- Required work: The entries below should be given again exactly, minus their pictures.

- Data supplied:
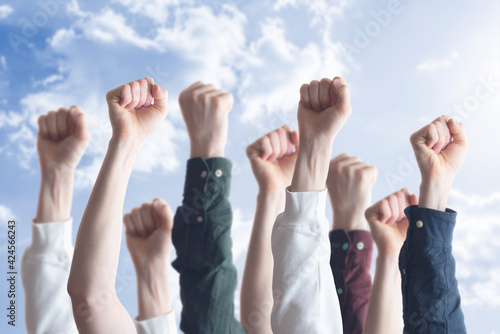 people with raised hands fists in the air, as symbol of protest for equality. freedom.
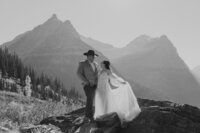 A wedding couple poses in front of a mountain overlook in Glacier National Park.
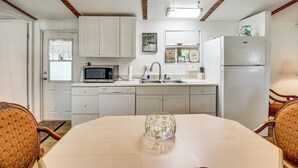 A kitchen with white cabinets, a microwave, a sink, and a refrigerator. - Cabin w/ Lake Access in Fort Mccoy, Pets Welcome! (Fort McCoy)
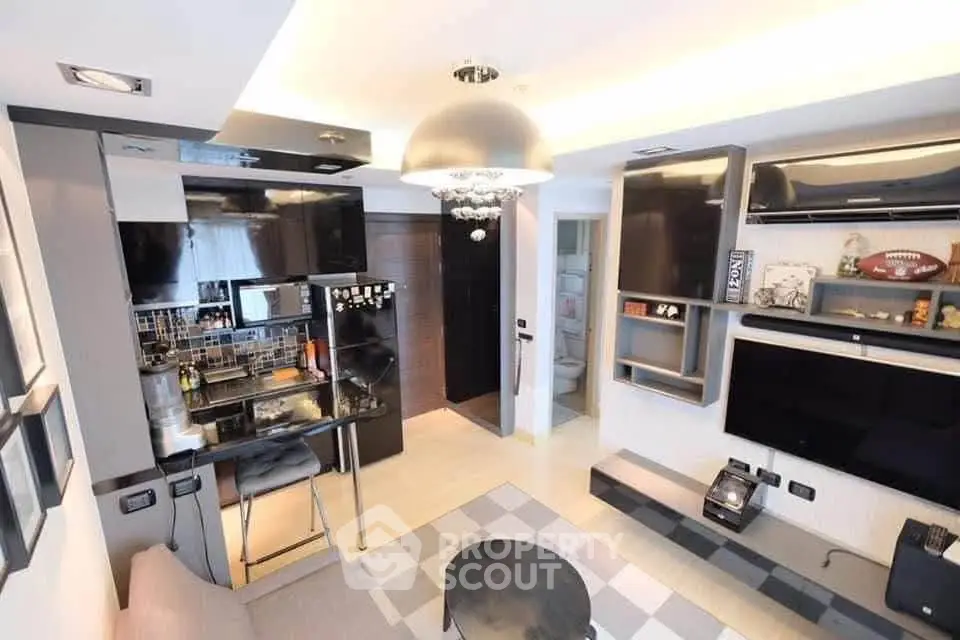 Modern living room with open kitchen, sleek design, and contemporary decor in a stylish apartment.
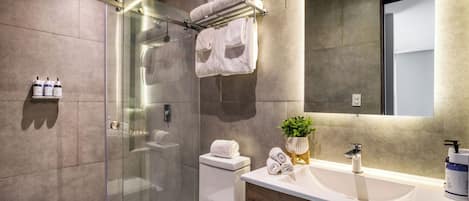 Un baño moderno con ducha de vidrio, inodoro, lavamanos con espejo y toallas dobladas en un escurreplatos.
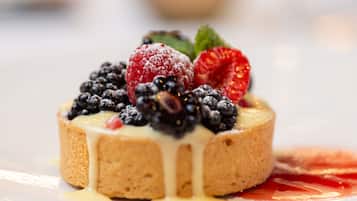 Postre amb nabes i nata sobre un plat blanc.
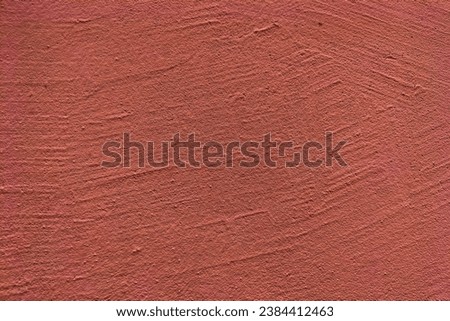 A red jagged wall with slightly convex lines. Blank for creative works, decorative design, wallpaper, screensavers. Royalty-Free Stock Photo #2384412463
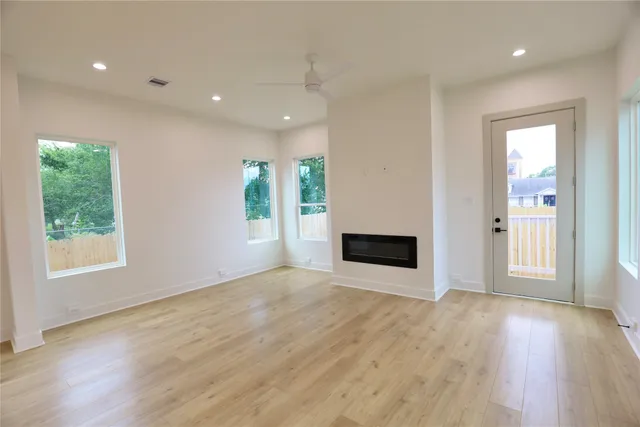 a kitchen with stainless steel appliances granite countertop a sink a stove and a refrigerator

- Exercise result:
 people with raised hands fists in the air, as symbol of protest for equality. freedom.
 A wedding couple poses in front of a mountain overlook in Glacier National Park.
 A kitchen with white cabinets, a microwave, a sink, and a refrigerator. - Cabin w/ Lake Access in Fort Mccoy, Pets Welcome! (Fort McCoy)
 Modern living room with open kitchen, sleek design, and contemporary decor in a stylish apartment.
 Un baño moderno con ducha de vidrio, inodoro, lavamanos con espejo y toallas dobladas en un escurreplatos.
 Postre amb nabes i nata sobre un plat blanc.
 A red jagged wall with slightly convex lines. Blank for creative works, decorative design, wallpaper, screensavers. Royalty-Free Stock Photo #2384412463
 a kitchen with stainless steel appliances granite countertop a sink a stove and a refrigerator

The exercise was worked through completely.